Install low-voltage outdoor lighting and create a welcoming glow


It’s only taken us 8 years to install outdoor lighting along the foundation of our house, and now that it’s done I’m wondering why on earth we waited so long. I love the warm, welcoming glow that a few wall-washing low-voltage lights creates.


What a change from before, as seen here. Two boxy, contemporary sconces (our replacement for too-small, traditional porch lights that we inherited) on either side of the porch nicely illuminate the doorway. But without additional lighting, the porch appears to float in pitch darkness — not very welcoming.


When we lost a tree this winter and I tore out the last patch of turf where it had stood, I decided it was now or never.


We bought 4 LED low-voltage flood lights from Hampton Bay at a local Home Depot. I considered wall wash lights, but I’d used floods at our previous house and thought they had a little more flexibility. We like that the fixtures are metal, not plastic, and we wanted LEDs to save energy and avoid the regular bulb changing required for traditional incandescent fixtures. LED lights are more expensive, but we hope it’ll pay off in the long run.

We also bought low-voltage cable to hook up the lights. Confusingly, there were two sizes of cable for sale, and the Hampton Bay box didn’t specify which size I needed. So I asked a Home Depot employee for help, and they looked up the lighting specs online and told me which size I needed.


Lay out your lights to decide how you want to position them.


Our ranch home’s facade is asymmetrical, and we decided one light would be enough on the left side.


We opted to highlight a sotol in a steel planter for nighttime drama, but we soon found it needed to be lit from the side, not head-on. Otherwise we had a big, pipe-shaped shadow on the front of the house.

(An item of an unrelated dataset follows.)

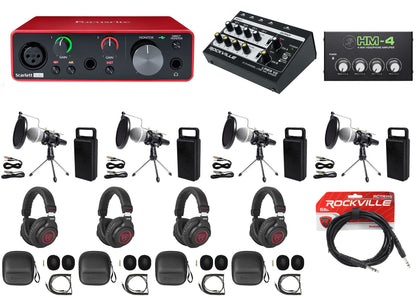 4-Person Podcast Podcasting Recording Kit w/Mics+Stands+Headphones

The right side of our house is longer, so we placed two lights over there, one washing across the Chinese mahonias in the center of the foundation bed (between the windows) and the other highlighting the Japanese maple at the corner of the house. We added another light along the side-yard fence to highlight a piece of garden art and brighten a side path.

Run the low-voltage cable from the outlet where you’ll plug in your transformer to each light, leaving a little slack at each light so you can move it around if needed.

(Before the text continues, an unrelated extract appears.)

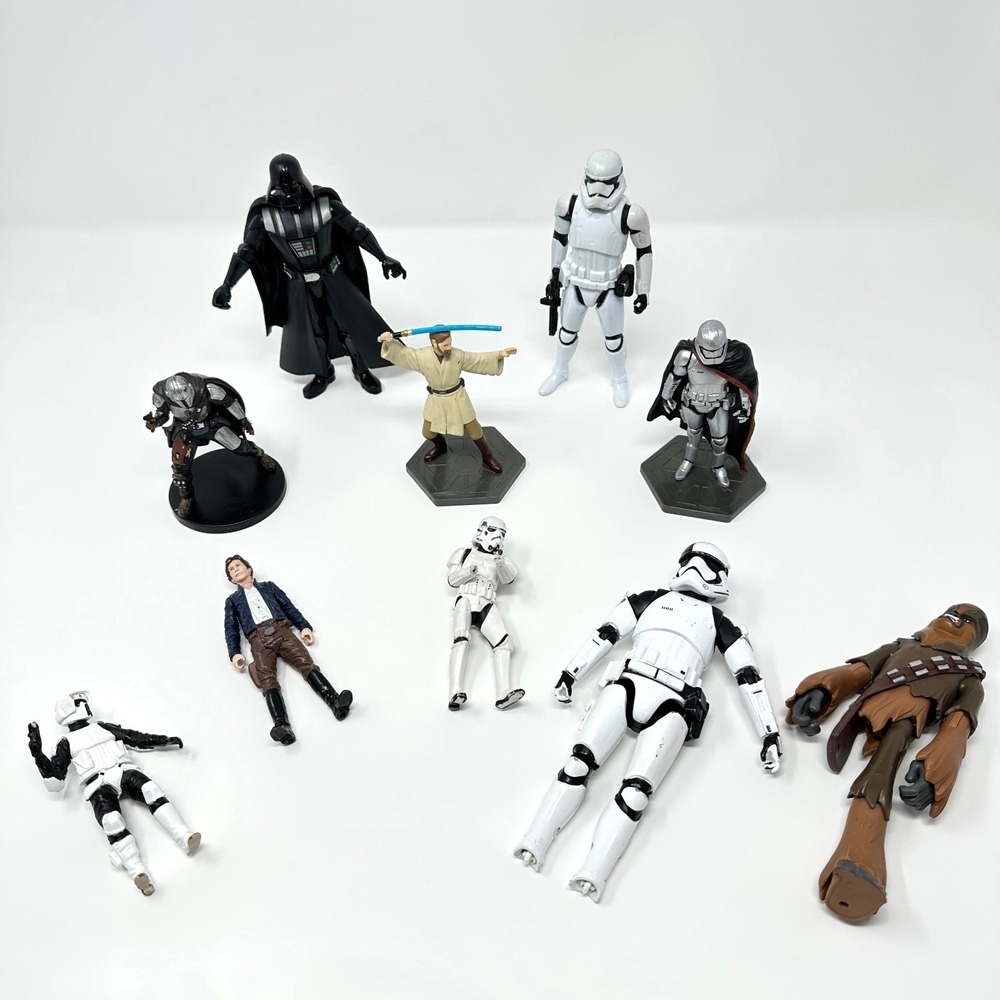 Star Wars Darth Vader Han Solo Action Figure Lot Mixed Troopers Parts Repair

We already owned a transformer from our previous home’s lighting, so we didn’t need to buy one. Your transformer must be able to handle the wattage of lights you’re installing, so add up the wattage for all your lights and buy a transformer that can handle at least that amount. You may end up adding more lights (that’s easy to do), so it doesn’t hurt to buy a bigger transformer than you currently need. Of course LEDs use less wattage, allowing you to use a smaller transformer than if you choose incandescent lights.

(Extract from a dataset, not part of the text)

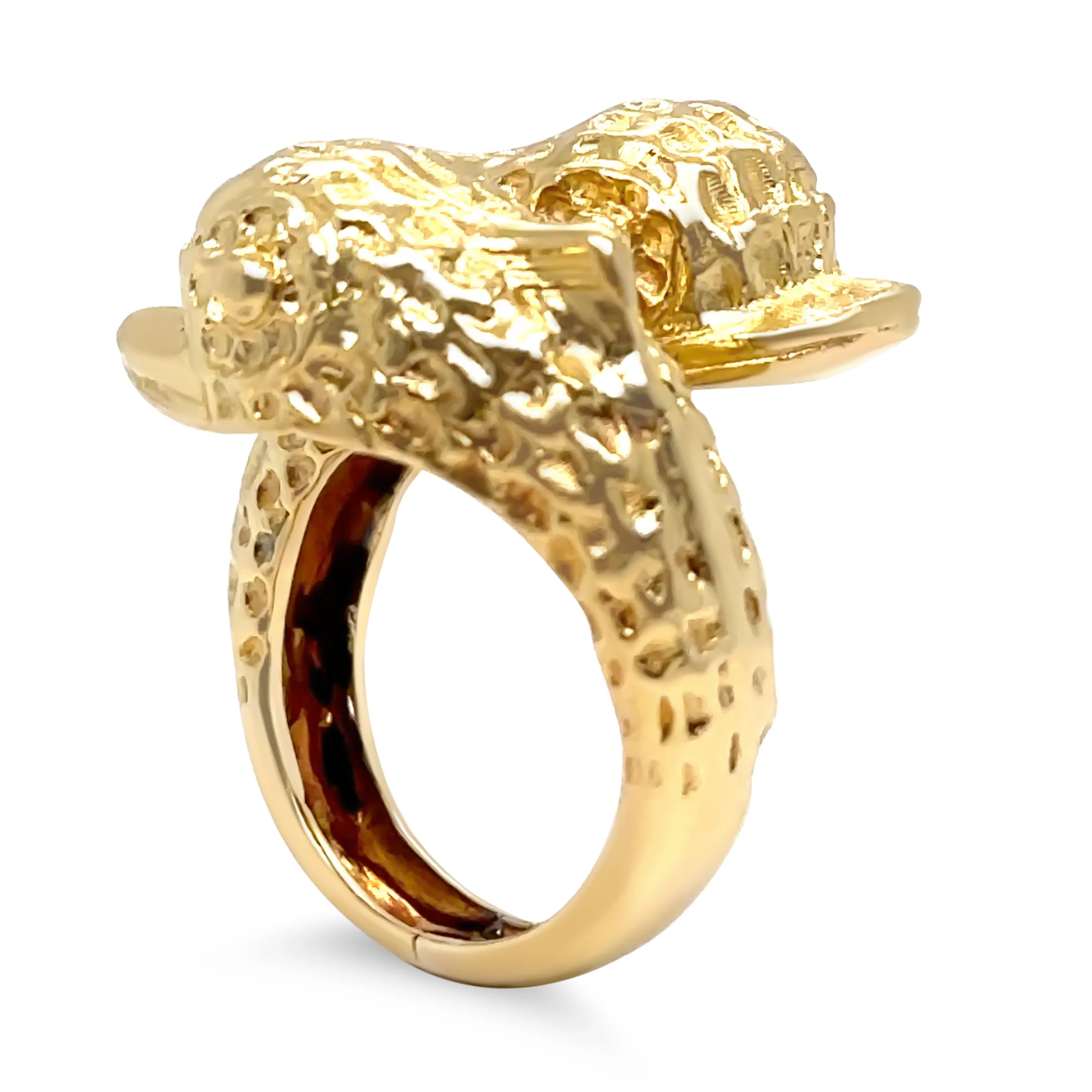 Ilias Lalaounis 18ct Yellow Gold Textured Ring 12.59g - Image 4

Hook up the cable to the transformer by using wire strippers to remove about a half-inch of insulation from the two strands of wire at one end of the cable. Follow the instructions that come with your transformer to hook up one wire to the “A” terminal and the other wire to the “B” terminal.

Plug the transformer into a nearby outdoor electrical outlet and mount the transformer box on the wall. To hang it, screw a couple of screws to the wall, aligning them with pre-drilled holes on the back plate of the transformer box. If you don’t have an outdoor electrical outlet in the right spot, hire an electrician to run a line from your house to the spot where you need it, and have an outdoor GFCI outlet box mounted on a post that’s tall enough to support the transformer too. Make sure it’s situated where it won’t be an eyesore in your landscaping, but convenient to your lights.

A transformer with a timer allows you to set it to come on at dark every day and turn off at dawn, or in the wee hours if you prefer.


The lights have pinch-clips that bite into the cable. Once you’re sure about where you want your lights to be, unplug the transformer and simply clip each light onto the cable. The low voltage means it’s easy and safe to work with. When all your lights are hooked up and you’ve tested that they work by plugging in the transformer and turning them on, finish up by burying the cable a few inches deep, preferably along the house foundation or line of edging where you won’t be likely to dig in the future. If you ever do accidentally cut the cable, you can repair it by stripping the wires of both cut pieces and reconnecting them with wire nuts and electrical tape.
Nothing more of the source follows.